From 2010 to 2020, Oregon’s population increased by more than 400,000 people, but its housing supply only increased by about 150,000 units. Meanwhile, over the past decade, housing prices have doubled in the state.
Oregon has seen a sharp decrease in the production of duplexes, triplexes, and fourplexes: in the 1970s, Oregon provided more than 40,000 permits for 2- to 4-unit housing, but in the 2010s it provided only about 4,000 such permits.
Beginning in 2019, Oregon passed a series of zoning and land use reforms outlined in the table below.
Ban on single-family zoning: Oregon’s state legislature passed the bipartisan House Bill 2001, the first statewide bill to prohibit single-family zoning for localities. Specifically:
· Towns and cities with over 10,000 residents were required to allow duplexes on land zoned for single-family homes by June 2021.
· Towns and cities with over 25,000 residents were required to allow up to four-unit buildings as well as cottage clusters—four or more detached units with a shared courtyard—in residential zones by June 2022.

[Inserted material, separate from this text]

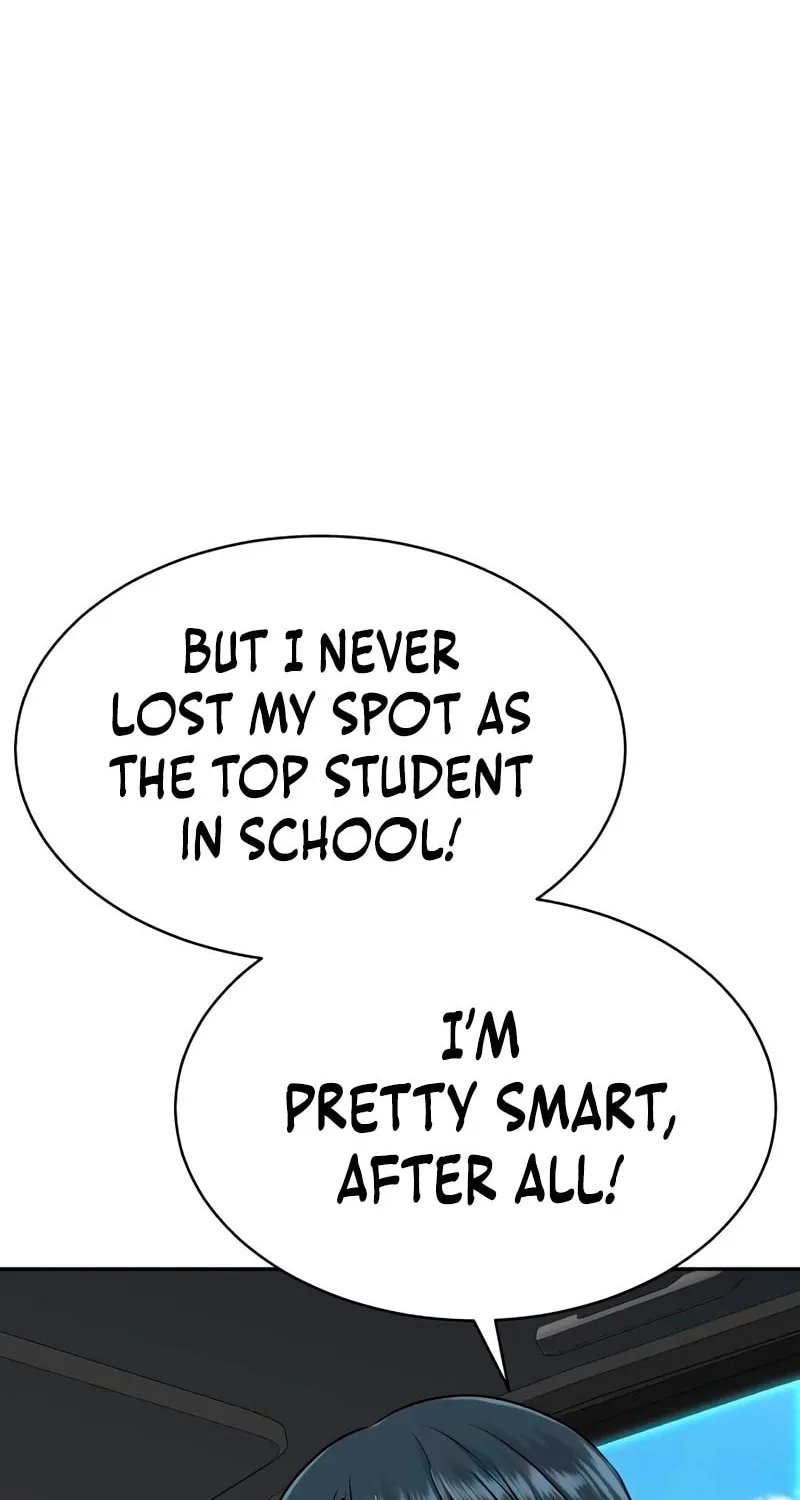 Genius Grandson of the Loan Shark King Chapter 39 page 72 -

|2020||Model housing code: The Land Conservation and Development Commission (LCDC) established a model housing code for mid-size cities to adopt to allow for missing middle housing.|
|2021||Lot divisions: The legislature passed Senate Bill 458, requiring any jurisdiction subject to the HB 2001 changes to allow lot divisions—meaning that homeowners and developers in Oregon can convert existing single-family housing into duplexes, triplexes, and fourplexes where those types of residences are legal.|
|2022||Ban on parking minimums: The state’s land use commission unanimously voted to roll back minimum parking requirements. Beginning January 1, 2023, 61 cities and 8 metro regions are required to eliminate parking requirements near high-frequency transit service, with more comprehensive reforms required in coming years.|
Most large cities did not update their zoning codes to meet House Bill 2001 requirements until 2021 or 2022, so Oregon’s new law is only just beginning to take effect this year and it is far too soon to measure its impact. In 2020, housing in 2- to 4-unit buildings made up less than 3% of Oregon’s new housing permits—so the state has a long way to go to make “missing middle” housing a substantial part of its housing stock. The legislation does not prevent cities from finding other ways to block denser housing, such as lot size and setback requirements. Additionally, slow permitting for new housing is a major barrier for developers to build new housing in Oregon.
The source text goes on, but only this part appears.